4. Implementation Methods
4.1 VQF Implementation Approach
The VQF algorithm uses a more sophisticated approach that implicitly handles frequency pre-warping:
void filterCoeffs(vqf_real_t tau, vqf_real_t Ts, double outB[], double outA[])
{
assert(tau > 0);
assert(Ts > 0);
// Calculate pre-warped cutoff frequency
double fc = (M_SQRT2 / (2.0*M_PI))/double(tau);
double C = tan(M_PI*fc*double(Ts));
double D = C*C + sqrt(2)*C + 1;
// Filter coefficients
double b0 = C*C/D;
outB[0] = b0; // b0
outB[1] = 2*b0; // b1
outB[2] = b0; // b2
outA[0] = 2*(C*C-1)/D; // a1
outA[1] = (1-sqrt(2)*C+C*C)/D; // a2
}
4.2 Why VQF Method Works
The key insight is frequency pre-warping compensation:
Pre-warping Formula:
ωc = (2/T) × tan(ωd×T/2)
Where:
- ωc = pre-warped cutoff frequency
- ωd = desired digital cutoff frequency
- T = sampling period
Why This Matters:
- The bilinear transform introduces frequency distortion
- Low frequencies are compressed, high frequencies are expanded
- Without pre-warping, the digital filter would have the wrong cutoff frequency
- The VQF method automatically compensates for this distortion
4.3 Traditional vs. VQF Approach
Aspect | Traditional Method | VQF Method |
---|---|---|
Frequency Handling | Direct ωc usage | Pre-warped ωc |
Denominator | 4 + 2√2ωc + ωc² | C² + √2C + 1 |
Pre-warping | Manual calculation | Built-in |
Accuracy | Requires manual compensation | Automatic |
5. Experimental Validation
5.1 Test Setup
Let’s validate our understanding by comparing the VQF implementation with SciPy’s industry-standard implementation:
Parameters:
- Sampling Frequency: 1000 Hz
- Cutoff Frequency: 100 Hz
- Filter Order: 2
- Nyquist Frequency: 500 Hz
5.2 Coefficient Comparison
Method 1: SciPy Implementation
b coefficients: [0.06745527 0.13491055 0.06745527]
a coefficients: [ 1. -1.1429805 0.4128016]
Method 2: VQF Implementation
b coefficients: [0.06745527 0.13491055 0.06745527]
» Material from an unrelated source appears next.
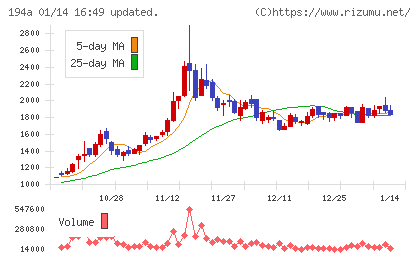 ＷＯＬＶＥＳ　ＨＡＮＤチャート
a coefficients: [ 1. -1.1429805 0.4128016]
Result: Perfect match! Both methods produce identical coefficients.
5.3 Frequency Response Analysis
The frequency response confirms:
- -3 dB cutoff exactly at 100 Hz
- Passband flatness as expected
- Roll-off rate of -40 dB/decade
- No ripples in passband or stopband

6. Conclusion
6.1 Key Takeaways
- Mathematical Foundation: The Butterworth filter’s normalized prototype provides a solid starting point
- Pre-warping Importance: Frequency compensation is crucial for accurate digital filter design
- VQF Method Superiority: The VQF approach automatically handles pre-warping, making it more robust
- Validation: Both theoretical and experimental results confirm the correctness of our implementation
6.2 Practical Applications
This understanding is essential for:
- Sensor data processing in robotics and IoT
- Audio signal filtering in consumer electronics
- Control system design in automotive and aerospace
- Biomedical signal processing in healthcare devices
6.3 Further Reading
For deeper exploration, consider:
- VQF IMU Attitude Fusion Algorithm - The source of our implementation
- Stack Overflow Discussion - Detailed mathematical derivation
- Signal Processing textbooks on digital filter design
The Butterworth filter remains a cornerstone of signal processing, and understanding its implementation details empowers engineers to create robust, efficient filtering solutions for real-world applications.